Слишком велик ваш счётец, товарищи коммунисты, чтобы, перестань народ бояться ваших психушек и увольнений, вам его не предъявили. Товарищ же начал с демократизации. Дурачок. Цунами, если уж поднимается, сметёт всё, включая и дурачка. В 60-е вы уцелели на покаянных воплях, но были и надежды на что-то новое и безошибочное. Сейчас надежд нет, к тому же вы ещё и надоели. Потом некоторые вспоминали его слова как пророчество. Парфианов пожимал плечами. Здравый смысл, интуитивное понимание жизни, да, пожалуй, умение осмыслять прочитанное. Вот и всё.
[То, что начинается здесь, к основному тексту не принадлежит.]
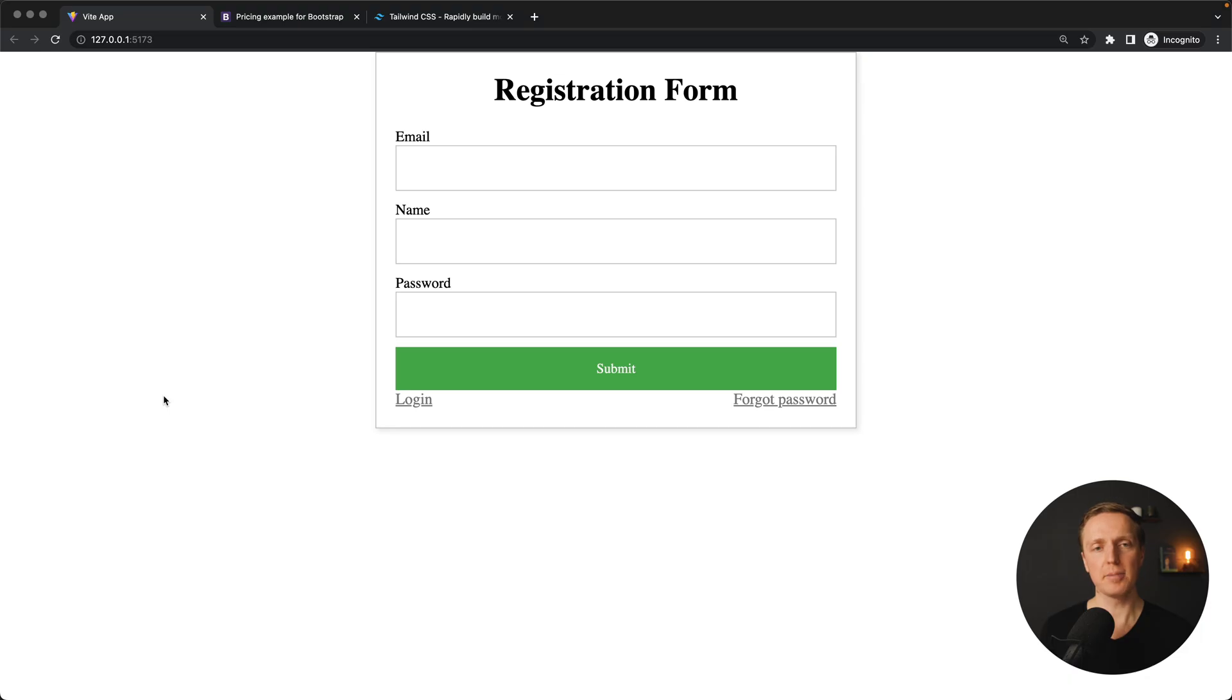And actually this never happens and then at the end it is much more difficult to make it responsive than from the start. For example, as you can see here, we have a registration form and this is not responsive.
Но идеологические выверты КПСС, скатывавшиеся с него, как с гуся вода, однажды задели — болезненной и саднящей царапиной. Он краем уха что-то слышал о смерти крупного партийного чиновника с такой фамилией, что, накажи его подобной судьба, он бы поменял её без размышлений. Ну, умер Максим и чёрт с ним. Ничто не предвещало беды. Они с Насоновым подходили к факультету, когда их внимание привлекла толпа у входа. Что там? Они молча подошли и ошеломлённо уставились на новую, сияющую золотыми буквами надпись. Она гласила, что заведение, в котором они имеют честь учиться, теперь будет носить имя только что почившего чиновника.
— Кошмар, — тихо, но внятно проговорил Парфианов, представив себе, что это имя украсит через год и его диплом.
— Ошибаетесь, молодой человек. — Резкий, скрипучий, картавый голос профессора Когана заставил их с Насоновым вздрогнуть. — Уверяю, вас, это — не кошмар. Что такое кошмар — этого ваше поколение даже не подозревает. — И старикан расхлябанной шарнирной походкой поднялся по ступенькам, одновременно в такт шагам постукивая по граниту наконечником палки с тяжёлым набалдашником, которую всегда носил с собой.
Старик, разумеется, был прав. Но это не облегчало ситуацию. Насонов, чтобы приободрить себя и друга, вспомнил великого Гёте. «Разлившиеся реки входят в русло, и всем перебеситься суждено. В конце концов, как ни бродило б сусло, в итоге получается вино».